Franse Bulldog
De Franse Bulldog is een aanhankelijk dier en een ideale gezinshond. Hij is vrolijk, met een clownesk gevoel voor humor, en schrander en past zich uitstekend aan een leven in de stad of op het land aan. Hij is misschien wel de gezondste van alle Bulldogs en lijdt niet aan de overontwikkeling en nasale problemen van de Boston Terriër en de Engelse Bulldog.
Formaat
Het ideale gewicht is 12,7 kg voor reuen en circa 11 kg voor teven.
Lichaamsbeweging
Korte, regelmatige wandelingen, afgewisseld met af en toe onaangelijnd rennen.
Uiterlijke verzorging
Een normale dagelijkse borstelbeurt
Voeding
375-550 gram blikvlees, aangevuld met een gelijke hoeveelheid hondenbrood; of 3 kopjes volledig hondenvoer, vermengd met 1,1/2 kopje warm of koud water.
Oorsprong en geschiedenis
De eer voor het ontwikkelen van dit ras gaat naar de Fransen. Het staat niet vast of het is afgeleid van kleine Engelse Bulldogs die door kantwerkers uit Nottingham in de 19de eeuw mee naar Frankrijk werden genomen of van kruisingen met vanuit Spanje in Frankrijk geïmporteerde honden. In ieder geval is dit prachtige dier kennelijk de afstammeling van kleine Bulldogs en kwam hij aan het begin van deze eeuw overall in de belangstelling.
RASPUNTEN
Algemene verschijning. Een Franse Bulldog is een bedrijvige, schrandere hond met een gedrongen bouw, middelmatig tot klein van formaat, met een goed beendergestel, een korte, gladde vacht en alle kenmerken zo evenwichtig dat de hond een harmonische indruk maakt.

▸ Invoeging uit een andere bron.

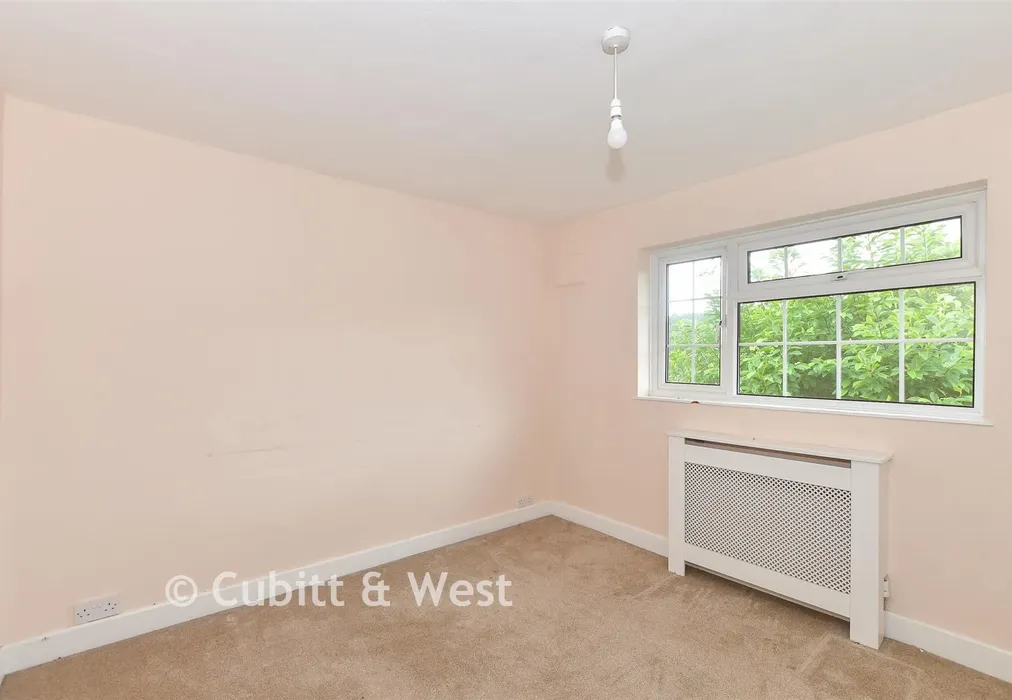 Bedroom 3 - Oak Tree Cottages, Danehill, East Sussex - Wards of Kent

Kleur. De toegestane kleuren zijn gestroomde, wit met gestroomd en reebruin. 1. Gestroomd is een mengeling van zwarte en gekleurde haren. Deze variëteit mag wit vertonen, mits gestroomd overheerst. 2. Wit met gestroomd is een hond waarbij wit overheerst over gestroomd. Witte dieren worden bij deze groep ingedeeld, maar hun oogharren en de rand rondom het oog moeten zwart zijn. 3. De reebruine hond mag gestroomde haren vertonen, maar met zwarte oogranden en –haren.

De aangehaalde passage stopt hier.